Previously, we recommended using related for this, but related was a little underspecified and unsuitable for the use case of answering the question: "Am I affected by CVE X in my distro image based on the distro advisory DB?"

@Roo4L (AlmaLinux)
@luhring (Chainguard/Wolfi)
@mstg (Rocky Linux)
@jasinner (Red Hat)
@msmeissn (SUSE)
@dodys (Ubuntu)

Would appreciate your thoughts/feedback!

jasinner commented 1 week ago

Seems like a valid proposal to me.

dodys commented 1 week ago

I honestly don't like the name upstream in this context. Not all vulnerabilities is targeted to upstream projects. We do have vulnerabilities that are reported in specific ecosystems and specific package versions in that ecosystem. For example, let's say there was a vulnerability found only in Ubuntu 22.04 for package foo and it received the id CVE-XXXX-YYYY, it would look like this:

{
  "id": "UBUNTU-CVE-XXXX-YYYY",
  "upstream": [
    "CVE-XXXX-YYYY",
   ]
}

We would be upstream and downstream in this case, and it might not be clear to the users in any way. My understanding of upstream in this context is more like the vulnerability database, or catalog. Just where you first registered the vulnerability and got an ID, and then the "downstream/advisory ID" is just a specific view of such entry for a specific ecosystem.

luhring commented 1 week ago

In that example, I think that's what aliases is for, if I'm understanding correctly, where the CVE and the Ubuntu advisory affect the same set of software.

From here:

Two vulnerabilities can be described as aliases if they affect any given software component the same way: either both vulnerabilities affect the software component or neither do. A subsequent patch addresses both of the vulnerabilities (and no others), and vice versa.

The idea for upstream is that it's only to be used when the relationship between the advisories is asymmetric. Such as when the CVE affects more than just what the Ubuntu advisory covers, in which case it'd be invalid to use aliases to link the records involved.

mstg commented 1 week ago

Sounds good to me. upstream seems clearer in what kind of relationship there is between the advisory and the linked resource.

oliverchang commented 1 week ago

In that example, I think that's what aliases is for, if I'm understanding correctly, where the CVE and the Ubuntu advisory affect the same set of software.

From here:

Two vulnerabilities can be described as aliases if they affect any given software component the same way: either both vulnerabilities affect the software component or neither do. A subsequent patch addresses both of the vulnerabilities (and no others), and vice versa.

The idea for upstream is that it's only to be used when the relationship between the advisories is asymmetric. Such as when the CVE affects more than just what the Ubuntu advisory covers, in which case it'd be invalid to use aliases to link the records involved.

+1 to all of this! Indeed if a CVE is issued by Ubuntu directly for something that's Ubuntu-specific, it should be in aliases.

@dodys do you have any other concerns here?

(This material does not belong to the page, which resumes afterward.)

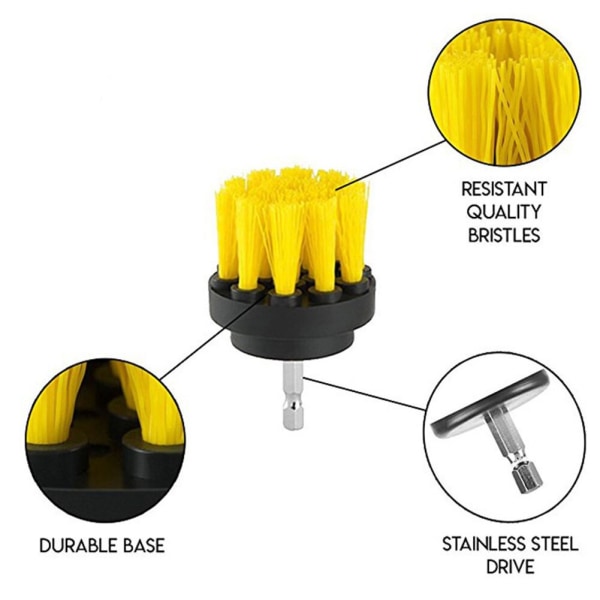 4st borrborstefäste för badkardusch 4pcs/set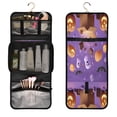 thumbnail image 5 of 3-Piece Travel Toiletry Set with Hanging Bag Cosmetic Pouch & Brush Roll for Travel Gym Camping Halloween-themed Box Opening, 5 of 9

dodys commented 1 week ago

In that example, I think that's what aliases is for, if I'm understanding correctly, where the CVE and the Ubuntu advisory affect the same set of software. From here:

Two vulnerabilities can be described as aliases if they affect any given software component the same way: either both vulnerabilities affect the software component or neither do. A subsequent patch addresses both of the vulnerabilities (and no others), and vice versa.

The idea for upstream is that it's only to be used when the relationship between the advisories is asymmetric. Such as when the CVE affects more than just what the Ubuntu advisory covers, in which case it'd be invalid to use aliases to link the records involved.

+1 to all of this! Indeed if a CVE is issued by Ubuntu directly for something that's Ubuntu-specific, it should be in aliases.

@dodys do you have any other concerns here?

If I can be honest, I don't think we will use aliases any time soon. To make it work with the automation, that would require a change in our tracking to make a note when a "upstream" CVE is a direct 1-1 relation to a "downstream" advisory (and here I only mean the UBUNTU-CVE-... advisories). Therefore we will continue using the related or upstream field only for the time being.

msmeissn commented 5 days ago

For SUSE this upstream relation is also good.